A eleição presidencial deste ano será um teste decisivo para o sistema político brasileiro, na avaliação de um grupo de especialistas reunidos pela Folha para um debate na noite desta quinta (24).

Sua sobrevivência dependerá da capacidade que os principais partidos terão de oferecer respostas aos anseios da população, num ambiente marcado pelo pessimismo com a economia e pela desconfiança causada pelas acusações de corrupção, eles disseram.

O evento reuniu os cientistas políticos Fábio Wanderley Reis, da Universidade Federal de Minas Gerais (UFMG), Fernando Abrucio e Carlos Pereira, da Fundação Getulio Vargas (FGV), e o diretor-geral do Datafolha, Mauro Paulino.
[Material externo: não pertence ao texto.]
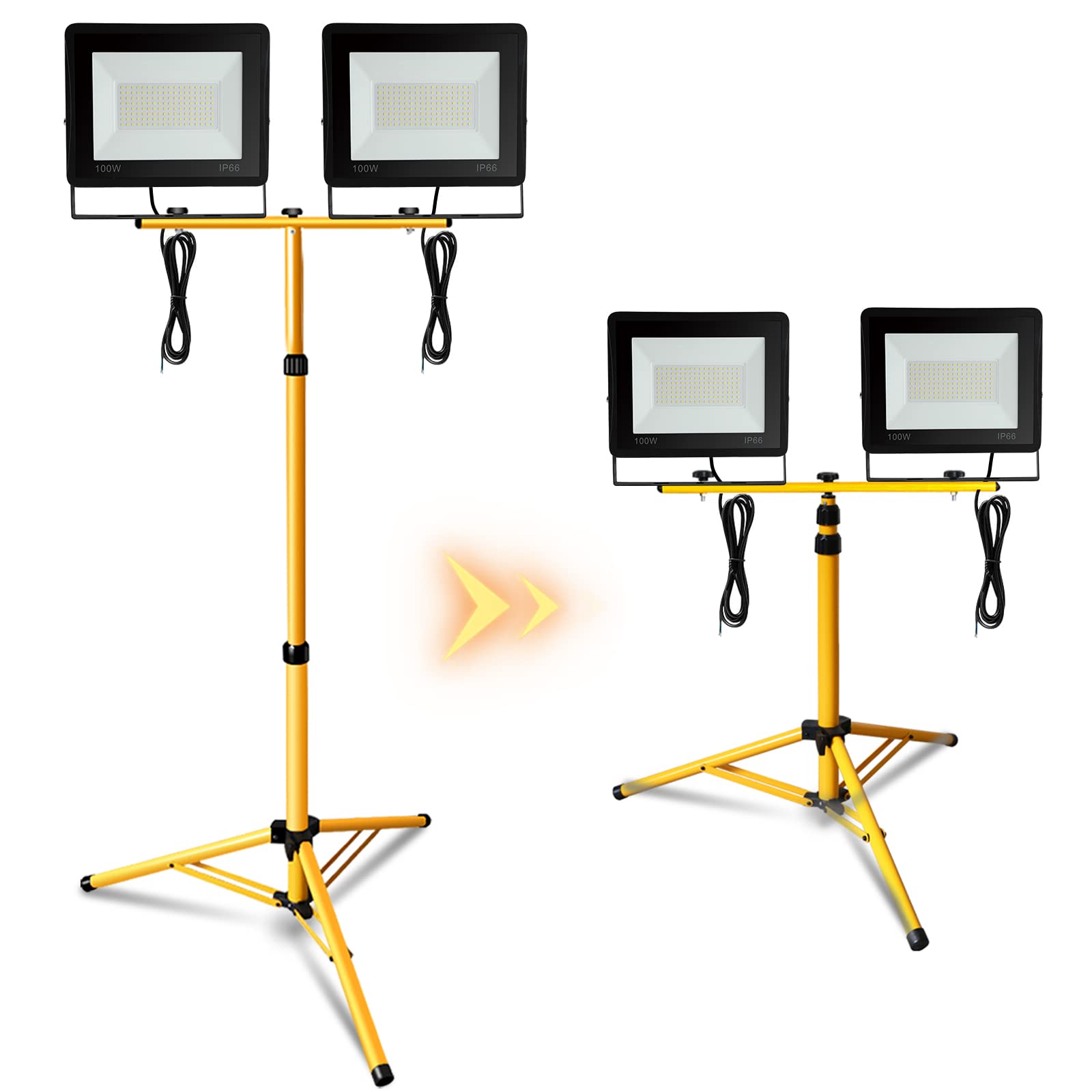 Gimisgu LED Baustrahler 2x100W – 10000 LM, Faltbarer Ständer, IP66 Wasserdicht Mit 3m Kabel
“Há um desejo de ruptura com a situação atual e quem souber expressar a indignação que os eleitores sentem terá vantagem”, disse Paulino. “Mas a dificuldade para convencer as pessoas é muito maior hoje.”

A pesquisa mais recente do Datafolha, concluída em abril, mostra que a ausência do ex-presidente Luiz Inácio Lula da Silva (PT), que está preso em Curitiba e deve ser impedido pela Justiça de disputar a eleição, faz aumentar o número de eleitores sem candidato, dispostos a votar em branco ou anular o voto.
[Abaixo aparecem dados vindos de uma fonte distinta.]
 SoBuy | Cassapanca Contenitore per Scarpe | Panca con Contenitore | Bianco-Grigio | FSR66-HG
“O eleitor não tem a menor esperança nesse sistema e isso é muito preocupante”, disse Abrucio. “O país está em frangalhos e o próximo presidente não vai governar se não responder a isso.”

Pereira observou que os dois candidatos que lideram a corrida na ausência de Lula –o deputado Jair Bolsonaro (PSL-RJ) e a ex-senadora Marina Silva (Rede)– não têm nenhuma das vantagens que garantiram a vitória em eleições presidenciais anteriores, como partidos fortes e enraizados e apoio de outras siglas.

“Se os mecanismos tradicionais ainda funcionam, esses dois candidatos vão desidratar”, disse Pereira, sugerindo que isso abriria caminho para políticos como o ex-ministro Ciro Gomes (PDT) e o ex-governador Geraldo Alckmin (PSDB), que apareceram empatados em segundo lugar no Datafolha.

Para Wanderley, o avanço da Operação Lava Jato e a prisão de Lula criaram riscos para a democracia, ao contribuir para o descrédito da atividade política e fortalecer juízes e procuradores.

“A democracia está comprometida”, disse Wanderley. O cientista político chamou de “fascistoide” o juiz Sergio Moro, que conduz os processos em Curitiba e mandou Lula para a prisão, por causa de um artigo acadêmico em que apontou a importância de buscar o apoio da opinião pública no combate à corrupção.

“A democracia brasileira vai muito bem, obrigado”, disse Pereira, para quem o amadurecimento de instituições como o Ministério Público e outros órgãos de controle externo são um traço fundamental do sistema político brasileiro hoje.

“Não houve virada de mesa, estamos resolvendo os conflitos dentro da ordem e todos continuaram participando do jogo democrático após o impeachment”, afirmou. “O fato de termos uma eleição competitiva com resultado incerto mostra a força da nossa democracia.”

Abrucio disse que o país atravessa um “período jacobino”, numa referência à fase mais radical da Revolução Francesa (1789-1799), e afirmou que a “deslegitimação do processo político” pode levar os eleitores a optar por líderes de inclinação autoritária e políticos como Bolsonaro.

O debate desta quinta marcou a reabertura do auditório da Folha, que estava fechado para reformas havia um ano. O evento foi mediado pelo jornalista Uirá Machado, editor da Ilustríssima.

No dia 5 de junho, o jornal receberá economistas para o debate “Mais um ano perdido?”.

Inaugurado na década de 50, o local já foi palco de shows, manifestações de leitores e discussões culturais e de interesse jornalístico.